The 24-year-old featherweight from Riyadh is one of two athletes from the Kingdom — alongside Mostafa Rashed Nada — that are part of the Professional Fighters League, the world’s second-biggest MMA brand after the Ultimate Fighting Championship.

“When I fought in Madison Square Garden and other places, at the start of the fight the crowd was usually against me, they were cheering for my opponent,” Al-Qahtani said, referring to his win against the American David Zelner at PFL 18 in August.

His other win since joining the PFL came against Lamar Brown, also form the US, in June.

“But by the end of the fight they are with me because I give them the show that they want to see. I give them the violence they want, the excitement they want,” the fighter nicknamed “Reaper” added.

On Feb. 24, however, he will fight in front of a Saudi home crowd when he takes on Edukondala “Badger” Rao of India at PFL Champions versus Bellator Champions at Kingdom Arena.

He said: “This time, I’m in Saudi, among my family and fans. I’m proud to fight here and that the (local) fans will finally see me. So many people had been wanting me to fight in Saudi.

“I thank God this opportunity has come my way, and now I have to deliver to the people what they want to see.

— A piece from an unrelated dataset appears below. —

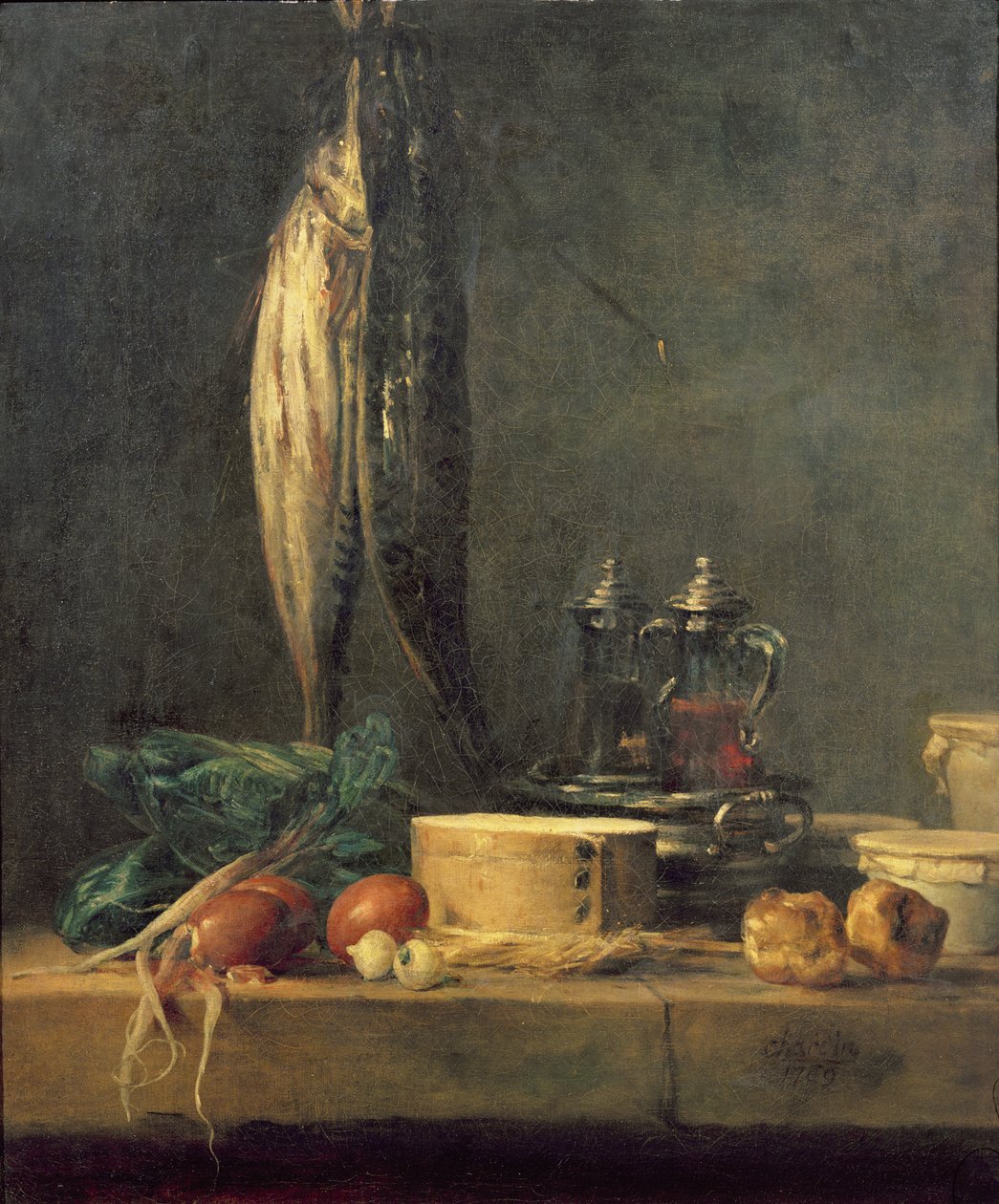 Nature morte avec poisson - Jean Baptiste Simeon Chardin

It’s a proud moment for me to fight here.”

Al-Qahtani noted that joining the PFL had been a major step up in terms of standards, both in and out of the cage.

“There is big difference in quality (to other organizations). With the PFL you get all the attention and care you need. They give you plenty of rest and preparation time before fights, to train or bring your weight down without any pressure.

“Also, fights take place in world-class venues, places that fighters dream about performing in. And of course, all the PFL matchmakers and fighters are of a very high standard. Everything about the fights is world class,” he added.

In November, the PFL bolstered its growing roster with the acquisition of Bellator, until then one of its rival brands.

Al-Qahtani said: “Of course we expect that the standards will rise with this (merger), there are more fighters, more champions. Having the Bellator fighters move to the PFL will only increase the level of competition.

“On a personal level, that could lead to more fights during the year. It’s exciting, and that means more training to reach the standard required.”

The Saudi Public Investment Fund-owned SRJ Sports Investments currently has a minority share in the PFL, and Al-Qahtani pointed out that the sport was at last taking off in the Kingdom.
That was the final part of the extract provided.